▶ _YOUR INSTRUCTIONS_:
Print nothing except the lines of the listing below from the line with "Best Books Of" to the line with "Los Alcazares - Los Alcázares", each exactly as written, both ends included.
────────────────────────────────────────
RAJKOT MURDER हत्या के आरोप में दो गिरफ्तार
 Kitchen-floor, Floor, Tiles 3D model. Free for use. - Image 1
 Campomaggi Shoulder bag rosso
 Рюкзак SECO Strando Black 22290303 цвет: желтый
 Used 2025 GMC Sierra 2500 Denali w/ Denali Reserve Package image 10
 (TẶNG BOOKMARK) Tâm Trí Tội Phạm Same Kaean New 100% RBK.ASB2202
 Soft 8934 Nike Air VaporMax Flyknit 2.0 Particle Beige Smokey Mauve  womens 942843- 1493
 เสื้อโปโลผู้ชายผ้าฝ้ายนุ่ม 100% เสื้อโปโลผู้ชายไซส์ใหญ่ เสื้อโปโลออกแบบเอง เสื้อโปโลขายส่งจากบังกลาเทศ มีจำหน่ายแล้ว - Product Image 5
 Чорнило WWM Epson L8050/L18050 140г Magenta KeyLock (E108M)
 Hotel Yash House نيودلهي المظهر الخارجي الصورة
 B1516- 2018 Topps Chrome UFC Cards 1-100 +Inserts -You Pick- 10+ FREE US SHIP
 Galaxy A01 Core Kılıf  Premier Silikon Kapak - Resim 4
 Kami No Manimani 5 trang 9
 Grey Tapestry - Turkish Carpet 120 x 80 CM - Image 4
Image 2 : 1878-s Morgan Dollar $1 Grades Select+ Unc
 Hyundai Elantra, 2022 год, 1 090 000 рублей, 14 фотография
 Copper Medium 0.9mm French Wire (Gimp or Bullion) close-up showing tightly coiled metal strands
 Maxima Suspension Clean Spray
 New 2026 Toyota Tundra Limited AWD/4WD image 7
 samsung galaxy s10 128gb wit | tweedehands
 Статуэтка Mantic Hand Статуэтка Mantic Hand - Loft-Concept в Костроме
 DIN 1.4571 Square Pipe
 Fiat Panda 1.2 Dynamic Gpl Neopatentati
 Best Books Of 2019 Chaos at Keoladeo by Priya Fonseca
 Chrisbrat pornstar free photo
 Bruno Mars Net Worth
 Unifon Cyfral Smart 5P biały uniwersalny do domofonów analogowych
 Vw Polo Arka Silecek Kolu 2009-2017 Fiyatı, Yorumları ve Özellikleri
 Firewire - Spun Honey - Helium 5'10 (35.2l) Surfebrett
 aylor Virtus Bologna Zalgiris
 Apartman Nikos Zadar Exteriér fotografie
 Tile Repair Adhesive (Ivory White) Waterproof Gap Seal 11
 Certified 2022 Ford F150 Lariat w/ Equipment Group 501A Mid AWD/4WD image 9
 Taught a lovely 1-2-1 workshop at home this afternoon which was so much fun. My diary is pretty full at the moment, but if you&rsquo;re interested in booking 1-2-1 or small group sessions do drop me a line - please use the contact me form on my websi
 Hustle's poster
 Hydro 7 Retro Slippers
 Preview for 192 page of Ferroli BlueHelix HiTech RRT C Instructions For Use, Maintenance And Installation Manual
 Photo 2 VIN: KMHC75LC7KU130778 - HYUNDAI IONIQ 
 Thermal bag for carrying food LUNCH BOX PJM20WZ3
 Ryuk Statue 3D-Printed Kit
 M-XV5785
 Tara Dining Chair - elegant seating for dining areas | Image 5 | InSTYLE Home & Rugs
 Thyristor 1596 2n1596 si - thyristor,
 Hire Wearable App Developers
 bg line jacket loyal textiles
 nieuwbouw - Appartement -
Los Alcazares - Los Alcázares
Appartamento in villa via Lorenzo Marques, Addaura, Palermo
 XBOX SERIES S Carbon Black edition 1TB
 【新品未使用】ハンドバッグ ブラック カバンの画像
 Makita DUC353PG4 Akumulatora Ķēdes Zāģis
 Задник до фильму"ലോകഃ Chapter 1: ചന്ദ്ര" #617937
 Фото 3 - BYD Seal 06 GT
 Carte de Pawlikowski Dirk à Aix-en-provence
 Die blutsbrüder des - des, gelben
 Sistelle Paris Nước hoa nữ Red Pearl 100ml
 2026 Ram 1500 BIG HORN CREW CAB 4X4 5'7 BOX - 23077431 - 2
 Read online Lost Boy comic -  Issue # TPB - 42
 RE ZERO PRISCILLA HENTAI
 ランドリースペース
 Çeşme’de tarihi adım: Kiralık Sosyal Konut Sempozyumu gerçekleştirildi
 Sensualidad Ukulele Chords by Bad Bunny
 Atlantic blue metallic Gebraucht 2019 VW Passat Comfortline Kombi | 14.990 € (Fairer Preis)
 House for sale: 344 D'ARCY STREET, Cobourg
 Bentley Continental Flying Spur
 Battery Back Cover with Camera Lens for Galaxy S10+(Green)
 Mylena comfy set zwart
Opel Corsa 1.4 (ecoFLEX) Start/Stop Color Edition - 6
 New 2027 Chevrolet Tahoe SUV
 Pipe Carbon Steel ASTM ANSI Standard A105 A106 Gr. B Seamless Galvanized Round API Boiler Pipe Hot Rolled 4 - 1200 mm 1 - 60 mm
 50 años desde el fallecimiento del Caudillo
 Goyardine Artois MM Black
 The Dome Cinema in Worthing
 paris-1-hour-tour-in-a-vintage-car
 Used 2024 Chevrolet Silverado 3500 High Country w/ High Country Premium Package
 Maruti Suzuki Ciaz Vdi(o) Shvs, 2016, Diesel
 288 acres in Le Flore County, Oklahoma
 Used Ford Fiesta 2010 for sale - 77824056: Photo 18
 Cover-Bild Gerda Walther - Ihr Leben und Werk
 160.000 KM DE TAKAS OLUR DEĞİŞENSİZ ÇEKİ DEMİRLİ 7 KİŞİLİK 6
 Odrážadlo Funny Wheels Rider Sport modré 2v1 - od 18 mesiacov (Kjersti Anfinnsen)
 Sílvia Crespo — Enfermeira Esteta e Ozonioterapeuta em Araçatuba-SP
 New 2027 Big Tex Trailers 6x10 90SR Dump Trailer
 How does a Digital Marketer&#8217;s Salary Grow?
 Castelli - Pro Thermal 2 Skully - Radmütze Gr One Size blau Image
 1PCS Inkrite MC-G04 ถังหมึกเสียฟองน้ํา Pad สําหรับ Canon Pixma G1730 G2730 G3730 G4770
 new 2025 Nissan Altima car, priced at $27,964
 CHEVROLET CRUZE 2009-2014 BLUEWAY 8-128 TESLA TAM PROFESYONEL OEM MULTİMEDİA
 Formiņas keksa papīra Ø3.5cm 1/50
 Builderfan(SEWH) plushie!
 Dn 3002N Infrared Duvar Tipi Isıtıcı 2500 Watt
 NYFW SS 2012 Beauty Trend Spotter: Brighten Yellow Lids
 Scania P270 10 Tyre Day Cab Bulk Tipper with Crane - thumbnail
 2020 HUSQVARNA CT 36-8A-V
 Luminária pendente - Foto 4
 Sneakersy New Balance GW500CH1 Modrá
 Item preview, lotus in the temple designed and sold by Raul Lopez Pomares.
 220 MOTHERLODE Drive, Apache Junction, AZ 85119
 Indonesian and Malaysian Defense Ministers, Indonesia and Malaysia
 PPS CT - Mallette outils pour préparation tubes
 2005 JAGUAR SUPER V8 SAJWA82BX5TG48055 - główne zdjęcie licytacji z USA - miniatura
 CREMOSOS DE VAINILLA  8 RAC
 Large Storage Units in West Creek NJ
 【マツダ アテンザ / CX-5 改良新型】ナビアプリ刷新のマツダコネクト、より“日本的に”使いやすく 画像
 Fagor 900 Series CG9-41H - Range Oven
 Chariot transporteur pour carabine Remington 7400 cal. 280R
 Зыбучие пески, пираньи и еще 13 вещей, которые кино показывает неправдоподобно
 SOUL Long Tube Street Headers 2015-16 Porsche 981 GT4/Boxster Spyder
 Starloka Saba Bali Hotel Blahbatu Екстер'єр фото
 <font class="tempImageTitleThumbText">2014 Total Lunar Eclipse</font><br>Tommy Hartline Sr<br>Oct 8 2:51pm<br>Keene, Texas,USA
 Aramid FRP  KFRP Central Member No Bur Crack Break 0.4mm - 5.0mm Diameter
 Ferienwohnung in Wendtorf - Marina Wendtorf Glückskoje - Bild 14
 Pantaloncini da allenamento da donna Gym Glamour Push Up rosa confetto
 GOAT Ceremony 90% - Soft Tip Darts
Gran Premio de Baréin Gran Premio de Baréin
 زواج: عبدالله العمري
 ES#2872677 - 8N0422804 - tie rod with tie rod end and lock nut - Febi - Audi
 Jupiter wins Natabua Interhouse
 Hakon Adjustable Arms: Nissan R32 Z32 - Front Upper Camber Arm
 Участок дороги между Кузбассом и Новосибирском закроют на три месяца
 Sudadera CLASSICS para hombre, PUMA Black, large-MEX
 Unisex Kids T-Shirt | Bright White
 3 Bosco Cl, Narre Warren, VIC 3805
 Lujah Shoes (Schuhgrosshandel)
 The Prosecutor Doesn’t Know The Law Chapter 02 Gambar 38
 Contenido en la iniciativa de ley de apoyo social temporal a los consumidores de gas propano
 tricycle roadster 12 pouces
────────────────────────────────────────
▶ _SOLUTION TO THE PROBLEM_:
 Best Books Of 2019 Chaos at Keoladeo by Priya Fonseca
 Chrisbrat pornstar free photo
 Bruno Mars Net Worth
 Unifon Cyfral Smart 5P biały uniwersalny do domofonów analogowych
 Vw Polo Arka Silecek Kolu 2009-2017 Fiyatı, Yorumları ve Özellikleri
 Firewire - Spun Honey - Helium 5'10 (35.2l) Surfebrett
 aylor Virtus Bologna Zalgiris
 Apartman Nikos Zadar Exteriér fotografie
 Tile Repair Adhesive (Ivory White) Waterproof Gap Seal 11
 Certified 2022 Ford F150 Lariat w/ Equipment Group 501A Mid AWD/4WD image 9
 Taught a lovely 1-2-1 workshop at home this afternoon which was so much fun. My diary is pretty full at the moment, but if you&rsquo;re interested in booking 1-2-1 or small group sessions do drop me a line - please use the contact me form on my websi
 Hustle's poster
 Hydro 7 Retro Slippers
 Preview for 192 page of Ferroli BlueHelix HiTech RRT C Instructions For Use, Maintenance And Installation Manual
 Photo 2 VIN: KMHC75LC7KU130778 - HYUNDAI IONIQ 
 Thermal bag for carrying food LUNCH BOX PJM20WZ3
 Ryuk Statue 3D-Printed Kit
 M-XV5785
 Tara Dining Chair - elegant seating for dining areas | Image 5 | InSTYLE Home & Rugs
 Thyristor 1596 2n1596 si - thyristor,
 Hire Wearable App Developers
 bg line jacket loyal textiles
 nieuwbouw - Appartement -
Los Alcazares - Los Alcázares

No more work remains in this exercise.